Thyme Roasted Potatoes
- Julie Rinner
- Sep 19, 2025
- 2 min read
These Thyme Roasted Potatoes are not your average side dish! By using a simple muffin tin, we transform humble potatoes and fresh thyme into an elegant, crispy, and irresistible stack. They are perfect to impress your guests with minimal effort.

Prep Time: 15 minutes
Cook Time: 35 minutes
Total Time: 50 minutes
Serves: 4-6 as a side dish
Ingredients
6 medium potatoes (see tips below)
6 sprigs of fresh thyme
2 tablespoons olive oil
Salt (to taste)
½ teaspoon freshly ground black pepper
You Will Also Need:
A standard 12-cup muffin tin
Baking paper (parchment paper)
Instructions
Prep the Oven and Pan: Preheat your oven to 180°C. Take strips of baking paper, approximately 2 cm wide, and use them to line each cup in the muffin tin. This creates little handles that will make removing the potato stacks easier later. See photo below.
Prepare the Potatoes: Peel the potatoes. Using a sharp knife or mandoline, slice them thinly, to about 2mm thick.
Season: Pick the leaves from the thyme sprigs. In a large bowl, combine the potato slices, olive oil, salt, pepper, and thyme leaves. Toss everything together with your hands until the potato slices are evenly coated.
Assemble the Stacks: Take a small handful of the sliced potatoes and place them into a muffin tin cup, creating a neat stack.
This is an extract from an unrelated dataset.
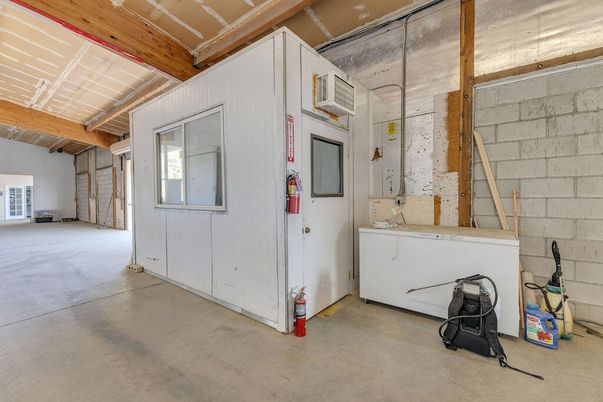Interior, Stone Walls, Washer, Wooden Beams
Fill each cup generously, as the potatoes will shrink slightly while cooking. Drizzle over any remaining seasoned oil that is left in the bowl.
Bake: Place the muffin tin in the preheated oven and bake for 35-40 minutes, or until the potatoes are golden brown, crispy on the edges, and tender in the center.
Serve: Remove the tin from the oven. Use the paper handles to carefully lift each potato stack out of the tin. Enjoy!
Tips for Success
The Right Potato: Use potatoes that are roughly the same diameter as your muffin tin cups. Slightly smaller is better than larger.
Mandoline for the Win: For perfectly even and thin slices, a mandoline slicer is a time saver and ensures consistent results but a sharp knife is fine.
Don't Be Shy with Oil: Make sure every slice gets a little coating of oil. This is crucial for achieving that golden, crispy texture.
Testing for Doneness: The potatoes are done when the outer edges are brown and crisp and the center of the stack is soft when pierced with a knife.